Before the pandemic, an action program was already underway in Europe to limit incinerating non-recyclable materials. That is why all steps must be taken in accordance with EU legislation on waste, as the primary goal is protecting human health and reducing polluting emissions. The exceptional situation we’re currently in has necessitated exceptional measures, including incinerating sanitary waste. These measures will have to be adjusted according to risk, while continuing to uphold the prioritized aim of selective collection and recycling, as indicated by the European Commission on April 14.

But how is clinical waste actually treated? The best techniques available for treating sanitary waste have been studied since the early 1990s. In Spain, autoclave sterilization technology was found to be the safest since it does not require handling waste and no toxic substances are introduced into the environment. This treatment was implemented nationwide. Most of the facilities have had a sufficient capacity to treat all of the infectious waste generated, except for some communities like Madrid, Catalonia, and Cantabria. These regions have temporarily authorized burning waste in urban incinerators with some requirements. These include COVID-19 waste preferably being delivered in cardboard boxes.

These autoclave technologies have been, are, and will continue to be the safest systems for treating infectious waste, in addition to providing significant economic and environmental savings for public funds and citizens’ health.

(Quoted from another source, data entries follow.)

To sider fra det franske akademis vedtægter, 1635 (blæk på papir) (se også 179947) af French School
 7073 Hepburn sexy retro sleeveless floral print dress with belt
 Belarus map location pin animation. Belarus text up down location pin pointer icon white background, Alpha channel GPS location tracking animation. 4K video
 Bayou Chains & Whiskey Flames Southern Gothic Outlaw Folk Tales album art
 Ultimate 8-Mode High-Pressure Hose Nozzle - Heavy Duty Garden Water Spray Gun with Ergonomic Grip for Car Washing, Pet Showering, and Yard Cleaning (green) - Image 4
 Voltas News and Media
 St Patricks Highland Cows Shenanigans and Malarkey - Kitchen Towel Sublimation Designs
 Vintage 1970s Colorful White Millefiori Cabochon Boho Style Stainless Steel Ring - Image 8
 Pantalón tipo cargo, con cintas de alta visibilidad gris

Besides hospitals, other sources of infectious waste from COVID-19 include nursing homes and the homes of individuals who have contracted the disease. This is why companies like Ferrovial Services have carried out educational prevention campaigns on a variety of topics. These range from street cleaning to assembly and maintenance, collecting solid urban waste, and treating sanitary and non-sanitary waste. The fundamental premise is promoting measures for personal, organizational, and facility hygiene among our workers and citizens at large.

This is the reality we’re facing. The rest is fiction.